### Given material

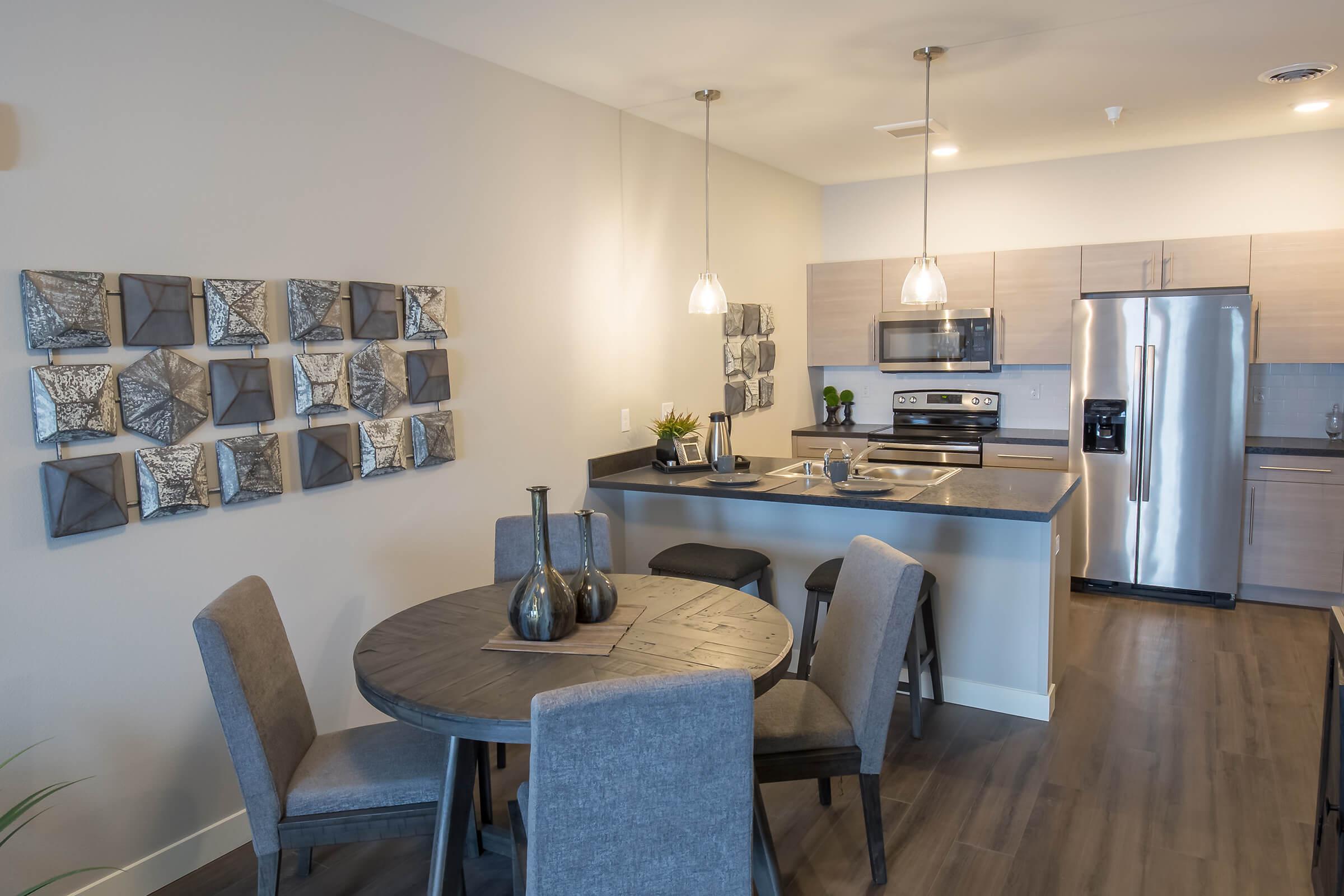 a kitchen with a dining room table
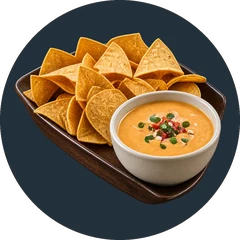 A tray of tortilla chips beside a bowl of queso topped with pico de gallo and jalapeño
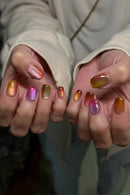 Close-up of hands with multicolored nail polish against a neutral background, Obroi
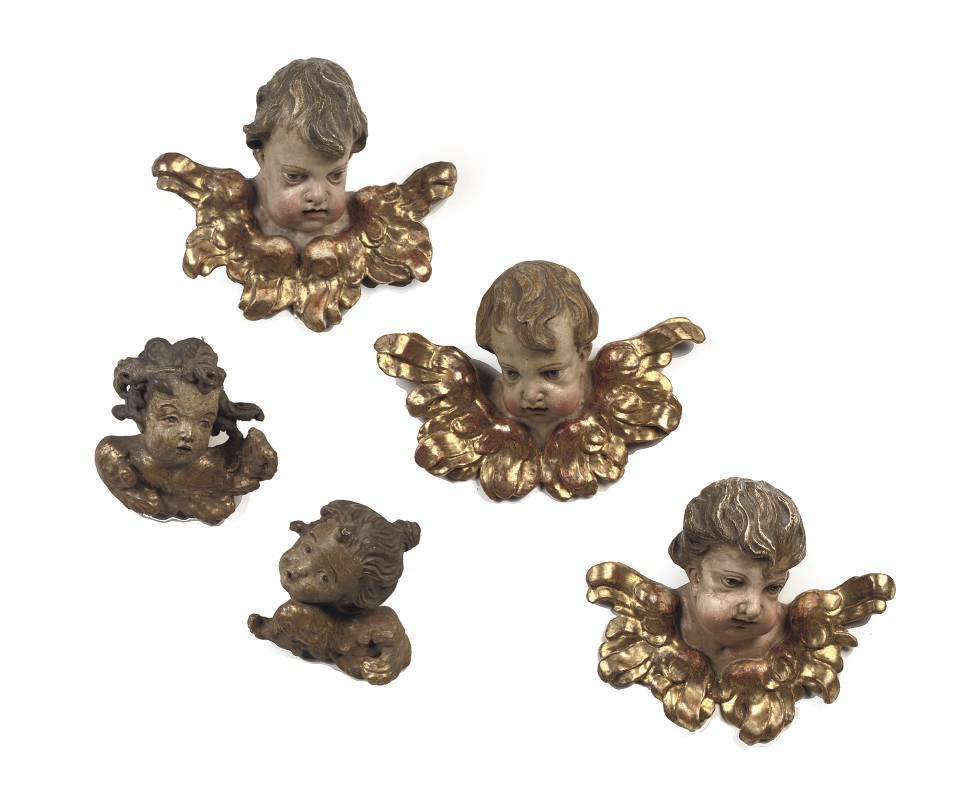 A SET OF THREE POLYCHROME AND PARCEL-GILT CARVED LIMEWOOD CHERUBS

######

- Directions for this task: Please retype the listing in full, exactly as given, and skip every image.

- Answer to the exercise:
 a kitchen with a dining room table
 A tray of tortilla chips beside a bowl of queso topped with pico de gallo and jalapeño
 Close-up of hands with multicolored nail polish against a neutral background, Obroi
 A SET OF THREE POLYCHROME AND PARCEL-GILT CARVED LIMEWOOD CHERUBS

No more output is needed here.